(Short text fragments from websites)
:::::

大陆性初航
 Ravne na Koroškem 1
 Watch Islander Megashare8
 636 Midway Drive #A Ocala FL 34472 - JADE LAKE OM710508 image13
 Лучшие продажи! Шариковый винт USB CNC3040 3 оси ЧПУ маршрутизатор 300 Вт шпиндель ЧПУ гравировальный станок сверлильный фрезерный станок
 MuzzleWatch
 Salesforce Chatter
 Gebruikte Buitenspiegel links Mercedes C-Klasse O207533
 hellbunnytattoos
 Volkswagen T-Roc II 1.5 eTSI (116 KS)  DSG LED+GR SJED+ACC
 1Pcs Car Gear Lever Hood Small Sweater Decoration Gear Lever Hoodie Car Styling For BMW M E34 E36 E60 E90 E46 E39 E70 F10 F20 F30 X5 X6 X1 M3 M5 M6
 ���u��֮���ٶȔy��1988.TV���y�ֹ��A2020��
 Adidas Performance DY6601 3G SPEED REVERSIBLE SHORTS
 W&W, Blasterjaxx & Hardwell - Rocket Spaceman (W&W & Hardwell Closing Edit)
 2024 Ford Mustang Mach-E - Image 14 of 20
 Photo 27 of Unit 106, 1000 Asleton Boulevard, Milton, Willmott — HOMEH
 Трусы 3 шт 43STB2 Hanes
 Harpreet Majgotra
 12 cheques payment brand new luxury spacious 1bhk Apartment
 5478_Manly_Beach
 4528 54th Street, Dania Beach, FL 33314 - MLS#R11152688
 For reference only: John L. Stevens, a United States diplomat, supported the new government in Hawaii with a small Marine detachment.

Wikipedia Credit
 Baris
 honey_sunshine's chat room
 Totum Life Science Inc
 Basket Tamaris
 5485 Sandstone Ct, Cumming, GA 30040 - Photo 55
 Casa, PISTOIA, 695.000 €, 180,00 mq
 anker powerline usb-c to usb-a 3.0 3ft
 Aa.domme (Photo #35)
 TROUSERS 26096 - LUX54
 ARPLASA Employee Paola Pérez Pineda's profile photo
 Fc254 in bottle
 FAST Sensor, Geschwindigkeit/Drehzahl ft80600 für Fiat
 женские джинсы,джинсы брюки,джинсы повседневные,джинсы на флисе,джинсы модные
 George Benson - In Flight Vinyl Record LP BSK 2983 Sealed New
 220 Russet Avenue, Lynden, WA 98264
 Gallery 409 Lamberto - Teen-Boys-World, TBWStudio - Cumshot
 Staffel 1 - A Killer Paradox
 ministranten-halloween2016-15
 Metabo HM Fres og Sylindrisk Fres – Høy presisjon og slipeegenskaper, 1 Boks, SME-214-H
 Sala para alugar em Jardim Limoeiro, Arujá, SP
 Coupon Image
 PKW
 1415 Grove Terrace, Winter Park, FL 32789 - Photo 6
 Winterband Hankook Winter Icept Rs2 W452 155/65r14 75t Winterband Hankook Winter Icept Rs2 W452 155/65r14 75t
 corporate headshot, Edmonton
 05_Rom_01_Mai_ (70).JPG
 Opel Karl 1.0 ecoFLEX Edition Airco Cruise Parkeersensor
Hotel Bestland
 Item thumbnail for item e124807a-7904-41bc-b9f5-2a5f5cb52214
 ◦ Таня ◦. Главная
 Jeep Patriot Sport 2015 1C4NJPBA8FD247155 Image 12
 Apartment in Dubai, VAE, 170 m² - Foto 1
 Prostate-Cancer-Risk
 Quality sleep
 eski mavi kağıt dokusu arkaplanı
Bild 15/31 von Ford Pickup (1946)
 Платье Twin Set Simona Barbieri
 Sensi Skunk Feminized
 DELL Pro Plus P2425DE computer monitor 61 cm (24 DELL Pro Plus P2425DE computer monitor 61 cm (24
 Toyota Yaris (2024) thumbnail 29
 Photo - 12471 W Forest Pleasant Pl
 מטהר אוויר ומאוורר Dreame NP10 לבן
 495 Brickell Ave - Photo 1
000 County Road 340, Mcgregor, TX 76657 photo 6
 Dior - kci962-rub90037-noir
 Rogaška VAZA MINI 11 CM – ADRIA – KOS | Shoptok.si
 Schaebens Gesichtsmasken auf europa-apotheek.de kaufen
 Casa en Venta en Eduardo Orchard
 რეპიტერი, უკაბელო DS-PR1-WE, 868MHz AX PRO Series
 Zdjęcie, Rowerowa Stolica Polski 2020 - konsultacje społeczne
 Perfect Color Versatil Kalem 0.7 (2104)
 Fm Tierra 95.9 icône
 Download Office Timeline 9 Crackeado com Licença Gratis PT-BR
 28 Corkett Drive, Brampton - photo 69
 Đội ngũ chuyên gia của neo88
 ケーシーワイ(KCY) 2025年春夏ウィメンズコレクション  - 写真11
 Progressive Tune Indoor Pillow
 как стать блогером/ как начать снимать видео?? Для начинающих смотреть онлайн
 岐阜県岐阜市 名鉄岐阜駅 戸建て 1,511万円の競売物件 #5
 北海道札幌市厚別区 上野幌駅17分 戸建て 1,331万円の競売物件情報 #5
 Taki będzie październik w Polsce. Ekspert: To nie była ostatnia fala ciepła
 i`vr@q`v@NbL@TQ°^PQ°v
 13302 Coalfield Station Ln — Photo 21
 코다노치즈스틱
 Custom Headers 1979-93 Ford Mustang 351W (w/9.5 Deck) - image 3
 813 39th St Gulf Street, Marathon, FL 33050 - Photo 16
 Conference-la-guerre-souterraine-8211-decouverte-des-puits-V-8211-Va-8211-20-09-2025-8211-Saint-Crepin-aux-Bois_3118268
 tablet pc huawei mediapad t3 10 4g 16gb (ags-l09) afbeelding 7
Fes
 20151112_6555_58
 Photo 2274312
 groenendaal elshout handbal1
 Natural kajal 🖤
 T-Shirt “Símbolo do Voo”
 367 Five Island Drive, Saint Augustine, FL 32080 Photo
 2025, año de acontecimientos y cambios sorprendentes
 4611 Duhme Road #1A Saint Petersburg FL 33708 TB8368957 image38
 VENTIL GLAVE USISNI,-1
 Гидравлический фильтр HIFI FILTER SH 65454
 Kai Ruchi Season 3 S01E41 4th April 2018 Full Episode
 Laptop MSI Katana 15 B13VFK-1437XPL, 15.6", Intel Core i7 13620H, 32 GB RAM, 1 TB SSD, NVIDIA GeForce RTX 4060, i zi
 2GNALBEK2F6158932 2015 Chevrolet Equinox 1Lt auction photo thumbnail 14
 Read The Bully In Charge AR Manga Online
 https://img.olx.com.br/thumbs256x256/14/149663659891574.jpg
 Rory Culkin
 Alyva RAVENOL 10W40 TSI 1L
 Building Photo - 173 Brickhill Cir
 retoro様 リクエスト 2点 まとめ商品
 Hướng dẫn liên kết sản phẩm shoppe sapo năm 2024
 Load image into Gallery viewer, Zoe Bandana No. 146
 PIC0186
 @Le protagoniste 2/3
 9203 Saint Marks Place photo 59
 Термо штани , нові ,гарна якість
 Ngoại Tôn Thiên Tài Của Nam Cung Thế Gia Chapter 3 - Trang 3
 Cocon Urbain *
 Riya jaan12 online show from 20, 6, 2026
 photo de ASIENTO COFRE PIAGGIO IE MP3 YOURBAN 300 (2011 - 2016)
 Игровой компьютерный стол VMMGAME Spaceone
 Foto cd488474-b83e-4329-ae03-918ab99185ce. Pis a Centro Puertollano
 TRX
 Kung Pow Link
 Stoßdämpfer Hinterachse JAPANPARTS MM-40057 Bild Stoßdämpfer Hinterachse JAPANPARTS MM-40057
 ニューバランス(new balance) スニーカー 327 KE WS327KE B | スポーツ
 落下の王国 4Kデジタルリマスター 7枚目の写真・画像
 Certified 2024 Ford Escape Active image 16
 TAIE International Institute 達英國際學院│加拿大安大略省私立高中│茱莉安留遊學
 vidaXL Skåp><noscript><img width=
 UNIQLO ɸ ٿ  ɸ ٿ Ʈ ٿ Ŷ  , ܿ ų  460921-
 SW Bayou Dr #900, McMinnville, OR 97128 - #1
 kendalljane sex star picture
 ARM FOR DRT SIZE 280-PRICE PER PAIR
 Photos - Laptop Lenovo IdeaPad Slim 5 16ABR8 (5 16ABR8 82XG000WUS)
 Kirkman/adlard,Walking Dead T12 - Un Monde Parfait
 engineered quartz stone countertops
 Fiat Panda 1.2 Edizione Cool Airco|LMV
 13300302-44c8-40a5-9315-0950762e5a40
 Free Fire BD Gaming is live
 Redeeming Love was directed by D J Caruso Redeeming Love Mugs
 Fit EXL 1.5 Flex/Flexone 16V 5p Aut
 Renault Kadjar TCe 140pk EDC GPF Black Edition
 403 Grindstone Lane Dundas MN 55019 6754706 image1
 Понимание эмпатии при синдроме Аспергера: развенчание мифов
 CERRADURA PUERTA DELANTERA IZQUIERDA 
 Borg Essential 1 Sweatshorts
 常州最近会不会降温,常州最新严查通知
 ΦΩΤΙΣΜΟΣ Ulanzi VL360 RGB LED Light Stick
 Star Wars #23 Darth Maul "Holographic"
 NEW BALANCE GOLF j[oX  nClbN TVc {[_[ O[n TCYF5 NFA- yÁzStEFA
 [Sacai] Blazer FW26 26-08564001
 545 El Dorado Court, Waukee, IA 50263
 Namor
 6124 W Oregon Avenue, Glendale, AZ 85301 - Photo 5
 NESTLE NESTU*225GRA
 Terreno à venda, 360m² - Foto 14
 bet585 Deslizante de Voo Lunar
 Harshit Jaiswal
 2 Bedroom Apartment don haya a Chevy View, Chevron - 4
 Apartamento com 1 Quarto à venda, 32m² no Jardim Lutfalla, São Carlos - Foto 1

:::::

WORK ITEM: Every line that contains the string "Winter" should be copied from the records.

WRITTEN RESPONSE:
 1415 Grove Terrace, Winter Park, FL 32789 - Photo 6
 Winterband Hankook Winter Icept Rs2 W452 155/65r14 75t Winterband Hankook Winter Icept Rs2 W452 155/65r14 75t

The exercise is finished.